We can get more details of an iceberg by looking at its metadata tables.

## Partitions
For example, to learn about existing partitions in the table, we can query the `partitions` metadata table

In [None]:
nyc_taxis_tbl.inspect.partitions().to_pandas()

## Files

If we want to see all the data files in the table, we can query the `files` metadata table

In [None]:
nyc_taxis_tbl.inspect.files().to_pandas()

## Snapshots

If we want to look at snapshots of the table, we can query the `snapshots` metadata table.

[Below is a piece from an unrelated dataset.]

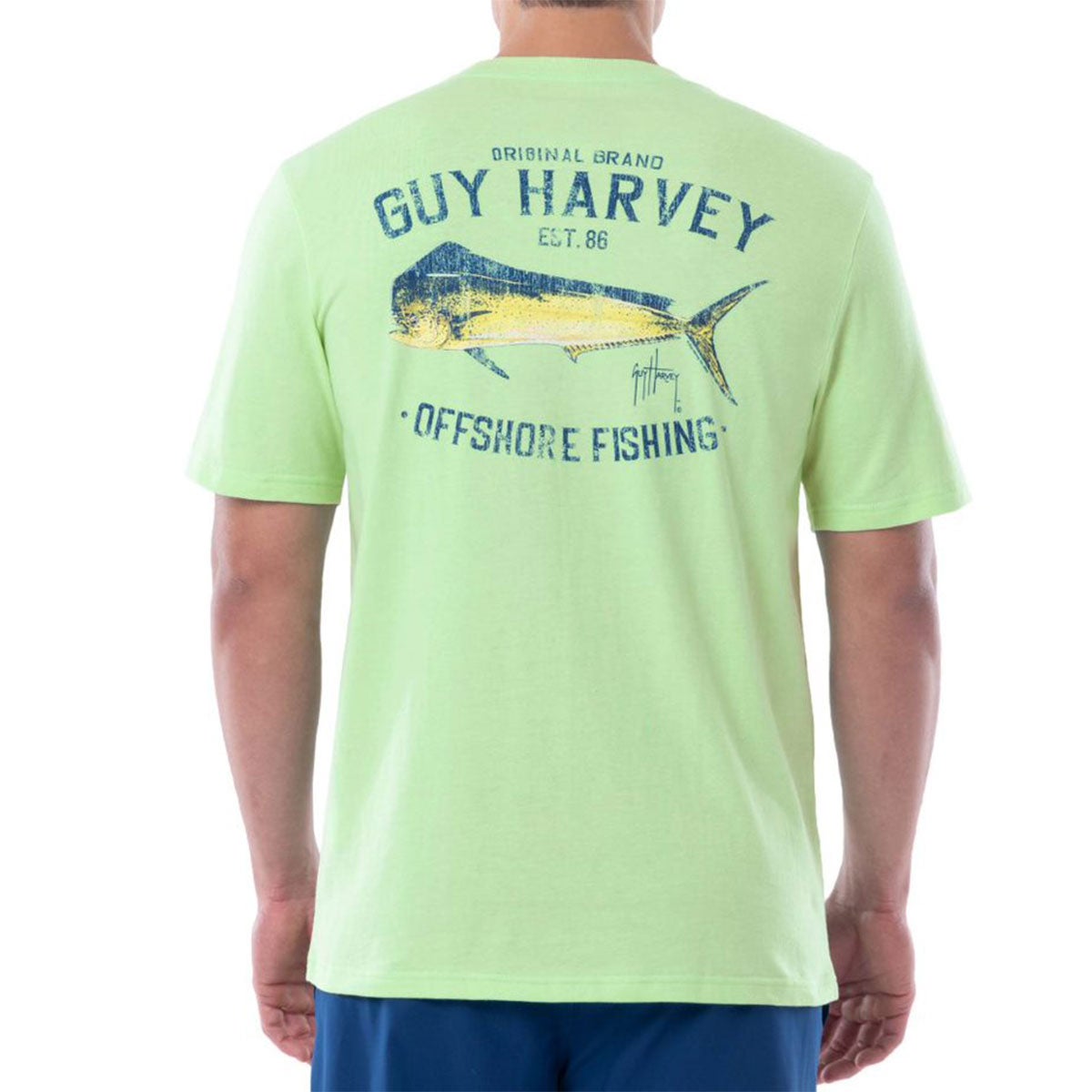 Guy Harvey Men's Off Shore Fishing Mahi Short Sleeve Tee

Every time when a data change operation happens, Iceberg will form a new snapshot. In this example, we did 3 append and therefore we will have 3 snapshots

In [None]:
nyc_taxis_tbl.inspect.snapshots().to_pandas()

In [None]:
from pyspark.sql import SparkSession

spark = (SparkSession.builder
  .config("spark.sql.extensions", "org.apache.iceberg.spark.extensions.IcebergSparkSessionExtensions")
  .config("spark.sql.catalog.spark_catalog", "org.apache.iceberg.spark.SparkSessionCatalog")
  .config("spark.jars.packages", "org.apache.iceberg:iceberg-spark-runtime-3.5_2.12:1.8.1,org.apache.iceberg:iceberg-aws-bundle:1.8.1")
  .config("spark.sql.catalog.demo.type", "jdbc")
  .config("spark.sql.catalog.demo", "org.apache.iceberg.spark.SparkCatalog")
  .config("spark.sql.catalog.demo.uri", "jdbc:sqlite:///:memory:")
  .config("spark.sql.catalog.demo.warehouse", warehouse)
).getOrCreate()

In [None]:
spark.sql("SELECT ID, tpep_pickup_datetime, fare_amount FROM demo.demo_ns.nyc_taxis LIMIT 5").show()